In the late 1800s, a strange fever afflicted Europe. It gripped such notable enlightenment thinkers as Voltaire and Montesquieu. Dubbed ‘Anglomania’, it was, as the name suggests, a craze for all things English, in particular, the style and dress of the English gentleman.
Since then, storied, august names, such as underwear maker Sunspel, glove maker Dents, hatters Lock and Co, and shoe maker John Lobb have done much over the course of their history to ensure that Anglomania continues unabated.
Between them they have dressed almost every notable male figure of the past 200 years, and yet, we know very little about these companies. Perhaps that’s because there’s a quiet confidence that comes from knowing you’re the best. In any case, it’s hardly very English to blow one’s own trumpet now is it?

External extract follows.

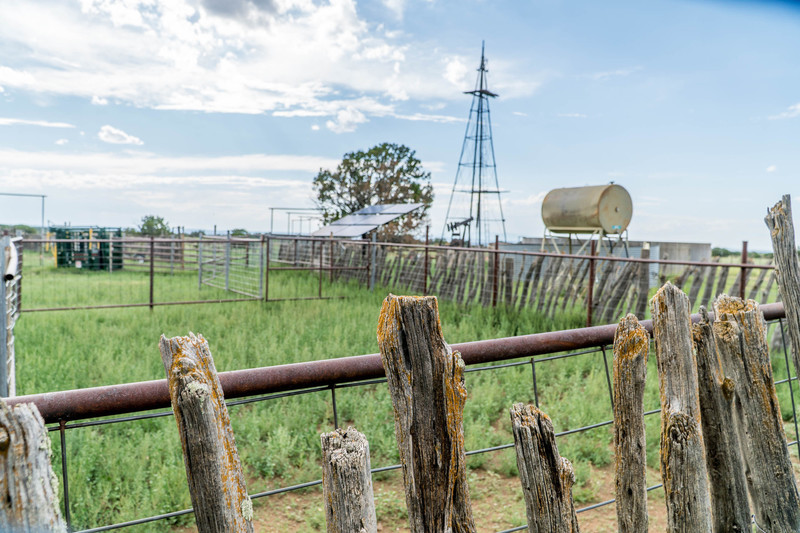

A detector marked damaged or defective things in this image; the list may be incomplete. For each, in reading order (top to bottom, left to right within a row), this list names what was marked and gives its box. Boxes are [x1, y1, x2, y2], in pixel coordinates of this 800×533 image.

Enter, ‘Best of British’, a new, sumptuously illustrated book produced by Toby Egelnick, our creative director, featuring photographs by Horst Freidreich and text by Permanent Style’s Simon Crompton.
It tells the story of some of Britain’s iconic brands, taking a behind the scenes look at the workshops and factories that produce clothes that have adorned some of history’s most famous and infamous figures.
Discover how Nelson’s eye patch was made at Locke and Co, or how John Lobb created the deceptively simple and unimpeachably elegant slip on shoe that was a favourite of Frank Sinatra. Reading it makes you realise how so much of what we consider correct and appropriate in men’s dress, was conceived of in these workshops.
Today, whether it’s Tokyo, New York, Milan, Shanghai or Paris – anywhere a man needs to dress with dignity, refinement and elegance – there’ll be a corner of his wardrobe that will be forever British.
What we think
Of course, we think this is great! Our creative director, Toby Egelnick, was behind it. However, Best of British also shows how the British approach to luxury is different from its French and Italian counterparts. Firstly, British luxury is discreet to the point of invisibility. Many British brands of this calibre still don’t do or say much in terms of marketing and promotion. Take the Anderson and Sheppard custom of stitching labels onto the inside of a jacket pocket – it is the man wearing the suit that matters, not the brand. Also, their products are built to last. Suits, shoes, jackets last for decades at a time and often go in for repairs at the place they were made. As such they are also eminently practical. You can dance the night away in your Anderson and Sheppard suit and John Lobb shoes in perfect comfort – just as Fred Astaire used to.